Data Integration Methods Comparison
| Method | Data Movement | Latency | Best Use Case |
|---|---|---|---|
| ETL | Extract → Transform → Load | Batch (hours) | Data warehouse loading; historical analytics |
| ELT | Extract → Load → Transform | Batch (minutes-hours) | Cloud data warehouses; big data |
| API integration | Real-time push/pull | Real-time (seconds) | Operational integration; microservices |
| CDC | Changed records only | Near real-time (seconds-minutes) | Database replication; streaming analytics |
| Data virtualisation | No movement (virtual layer) | Real-time (query-time) | Federated analytics; data access layer |
| Message queuing | Event-driven | Near real-time | Event-driven architecture; microservices |
CDMP Exam Relevance
Data integration is a dedicated knowledge area in the CDMP exam (Data Integration & Interoperability, 6%).

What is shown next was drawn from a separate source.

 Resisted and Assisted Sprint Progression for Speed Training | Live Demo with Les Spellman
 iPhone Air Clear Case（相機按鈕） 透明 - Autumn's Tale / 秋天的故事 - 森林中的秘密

Key exam topics include: the integration methods and their characteristics, the difference between ETL and ELT, the role of data integration in supporting analytics and master data management, integration patterns (hub-and-spoke, point-to-point, ESB), and the governance considerations for data integration (data lineage, data quality, metadata management). Understanding integration is also important for Data Warehousing & BI questions.